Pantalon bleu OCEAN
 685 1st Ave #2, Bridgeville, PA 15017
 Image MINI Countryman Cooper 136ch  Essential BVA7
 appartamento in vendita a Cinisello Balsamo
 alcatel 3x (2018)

------------

### What you are asked to do
The answer is every entry, repeated word for word.

### Response
Pantalon bleu OCEAN
 685 1st Ave #2, Bridgeville, PA 15017
 Image MINI Countryman Cooper 136ch  Essential BVA7
 appartamento in vendita a Cinisello Balsamo
 alcatel 3x (2018)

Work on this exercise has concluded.